Question

An object is moved along the central axis of a spherical mirror while the lateral magnification m of it is measured. Figure 34-35 gives m versus object distance p for the range${\mathit{p}}_{\mathbf{a}}\mathbf{=}\mathbf{2}\mathbf{}\mathbf{\text{cm}}$ and ${\mathit{p}}_{\mathbf{b}}\mathbf{=}\mathbf{8}\mathbf{.}\mathbf{0}\mathbf{}\mathbf{\text{cm}}$. What is m for $\mathit{p}\mathbf{=}\mathbf{14}\mathbf{}\mathbf{\text{cm}}$?

Short answer

The lateral magnification for $p=14.0\text{cm}$is $m=-2.5$.

Step-by-step solution

Step 1: The given data:

• Horizontal range of the object distances in the graph,$p_a=2.0\text{cm}$to$p_b=8.0\text{cm}$.

• The object distance from the mirror, $p=14\text{cm}$

Determining the concept of lateral magnification:

The ratio of the height of the image to the height of the object is given as the lateral magnification of the lens or the mirror. Now, the magnification of the mirror or the lens can also be given as the negative value of the ratio of the image distance to the object distance from the mirror.

Formulae:

The mirror equation is,

$\frac{1}{f}=\frac{1}{i}+\frac{1}{p}$….. (i)

Where,$f$is the focal length,$p$is theobject distance from the mirror,$i$is the image distance.

The lateral magnification of an object is,

$m=\frac{-i}{p}$….. (ii)

Where, $p$ is the object distance from the mirror, $i$ is the image distance.

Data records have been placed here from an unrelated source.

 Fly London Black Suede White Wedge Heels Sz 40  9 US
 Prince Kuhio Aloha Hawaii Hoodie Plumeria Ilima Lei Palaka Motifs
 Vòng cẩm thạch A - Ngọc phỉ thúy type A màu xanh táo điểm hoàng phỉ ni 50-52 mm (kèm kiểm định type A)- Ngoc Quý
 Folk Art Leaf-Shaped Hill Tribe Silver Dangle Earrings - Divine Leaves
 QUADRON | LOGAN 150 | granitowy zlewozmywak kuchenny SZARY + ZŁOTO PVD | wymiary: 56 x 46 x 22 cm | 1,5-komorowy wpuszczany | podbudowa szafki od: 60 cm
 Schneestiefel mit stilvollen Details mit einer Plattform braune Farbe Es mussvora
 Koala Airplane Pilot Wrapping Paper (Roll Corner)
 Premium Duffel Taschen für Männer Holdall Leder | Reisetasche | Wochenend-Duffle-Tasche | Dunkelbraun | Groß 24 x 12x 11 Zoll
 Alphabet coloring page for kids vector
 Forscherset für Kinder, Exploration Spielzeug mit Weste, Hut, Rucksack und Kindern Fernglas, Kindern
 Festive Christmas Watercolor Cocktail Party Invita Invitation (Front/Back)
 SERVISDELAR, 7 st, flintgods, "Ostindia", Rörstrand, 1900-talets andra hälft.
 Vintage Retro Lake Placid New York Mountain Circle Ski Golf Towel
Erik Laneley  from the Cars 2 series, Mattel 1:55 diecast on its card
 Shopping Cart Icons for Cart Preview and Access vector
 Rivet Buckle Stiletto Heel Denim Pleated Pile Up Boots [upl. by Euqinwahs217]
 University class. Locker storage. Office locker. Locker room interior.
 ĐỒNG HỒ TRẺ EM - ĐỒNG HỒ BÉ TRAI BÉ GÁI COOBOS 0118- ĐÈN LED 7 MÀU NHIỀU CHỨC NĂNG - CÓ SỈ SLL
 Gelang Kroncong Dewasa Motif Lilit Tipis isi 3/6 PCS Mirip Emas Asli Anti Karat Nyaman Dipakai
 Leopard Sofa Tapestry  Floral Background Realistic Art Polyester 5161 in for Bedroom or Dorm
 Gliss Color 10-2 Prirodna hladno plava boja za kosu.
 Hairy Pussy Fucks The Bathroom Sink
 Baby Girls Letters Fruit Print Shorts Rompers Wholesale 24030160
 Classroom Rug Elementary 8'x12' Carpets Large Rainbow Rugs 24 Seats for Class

Determining the magnification for  :

Draw the graph as below.

From the given graph, at $p=5\text{cm}$, the lateral magnification is,

$m=2$

The image distance of the spherical mirror can be calculated using equation (i) as follows:

$\begin{array}{rcl}i& =& -mp\\ & =& -2\times 5\text{cm}\\ & =& -10\text{cm}\end{array}$

Now, the focal distance of the mirror can be calculated using the given data in equation (ii) as follows:

$\begin{array}{rcl}\frac{1}{f}& =& \frac{1}{5\text{cm}}+\frac{1}{10\text{cm}}\\ \frac{1}{f}& =& \frac{1}{10\text{cm}}\\ f& =& 10\text{cm}\end{array}$

Now, for the given object distance,$p_1=14\text{cm}$, the image distance from the mirror can be given using equation (ii) as follows:

$\begin{array}{rcl}\frac{1}{10\text{cm}}& =& \frac{1}{14\text{cm}}+\frac{1}{i_1}\\ \frac{1}{i_1}& =& \frac{1}{10\text{cm}}-\frac{1}{14\text{cm}}\\ \frac{1}{i_1}& =& \frac{4\text{cm}}{140{\text{cm}}^2}\end{array}$

$\begin{array}{rcl}{i}_1& =& \frac{140{\text{cm}}^2}{4\text{cm}}\\ & =& \frac{70}{2}\text{cm}\\ & =& 35\text{cm}\end{array}$

Now, the lateral magnification of the mirror can be given using equation (i) as follows:

$\begin{array}{rcl}m& =& -\frac{35\text{cm}}{14\text{cm}}\\ & =& -2.5\end{array}$

Hence, the magnification for $p=14.0\text{cm}$is $m=-2.5$.